> **Data items**
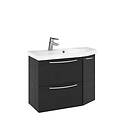 Temal Mondo Tvättställsskåp avsmalning höger H640 D400/270 B825 (Svart)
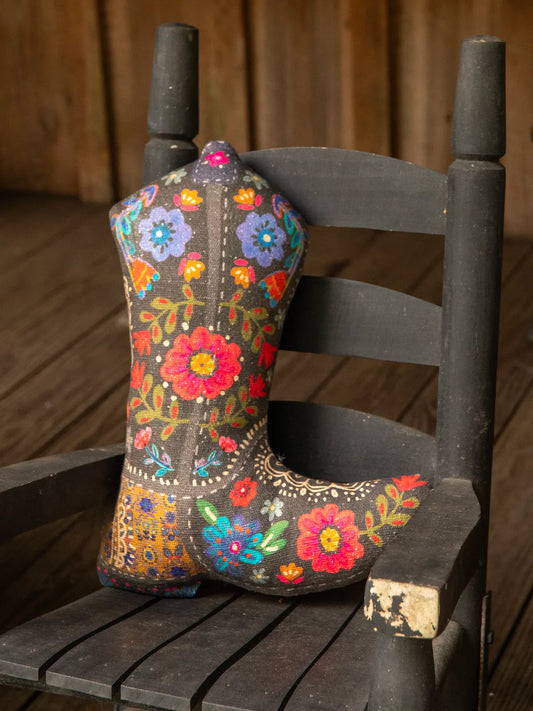 Boho Boot Shaped Pillow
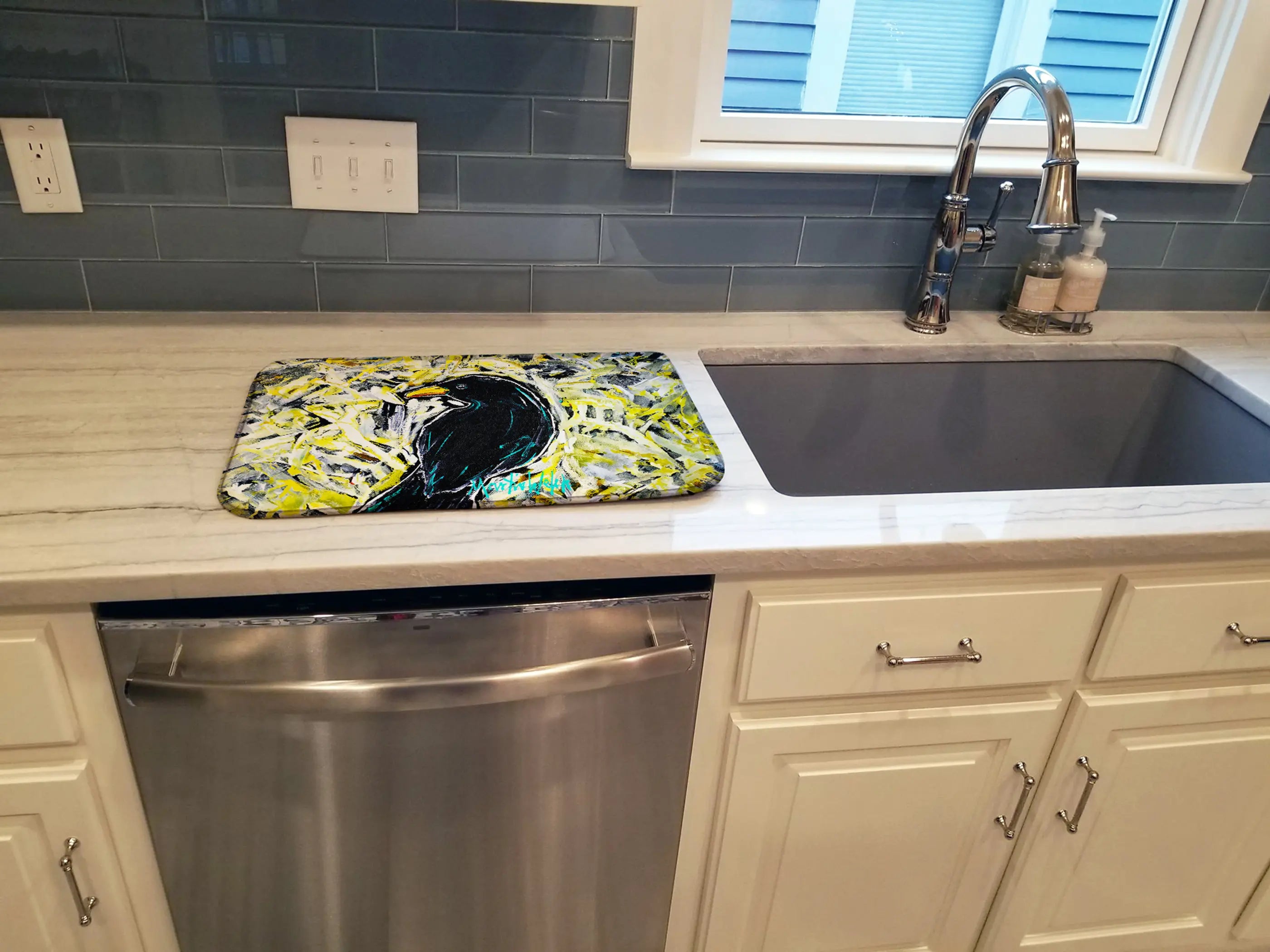 Crow Adam Dish Drying Mat Caroline's Treasures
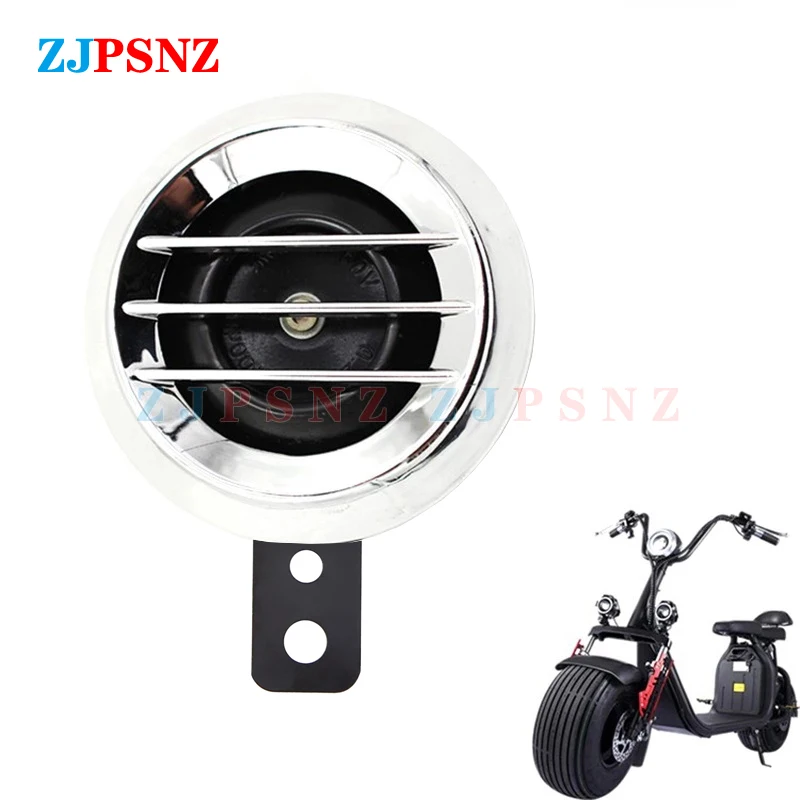 60V Horn Tweeter Electric Horn Electric Vehicle Modification Parts Air Horn Universal For Citycoco Electric Scooter e-bike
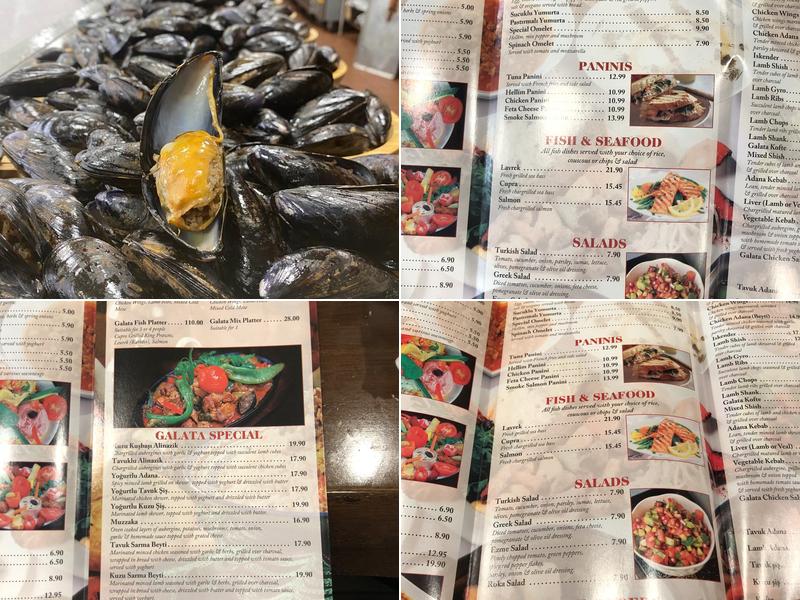 The Galata Butcher Grill Menu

> **WHAT YOU SHOULD DO**
The copy must reproduce every entry exactly while excluding all pictures.

> **ANSWER BOX**
 Temal Mondo Tvättställsskåp avsmalning höger H640 D400/270 B825 (Svart)
 Boho Boot Shaped Pillow
 Crow Adam Dish Drying Mat Caroline's Treasures
 60V Horn Tweeter Electric Horn Electric Vehicle Modification Parts Air Horn Universal For Citycoco Electric Scooter e-bike
 The Galata Butcher Grill Menu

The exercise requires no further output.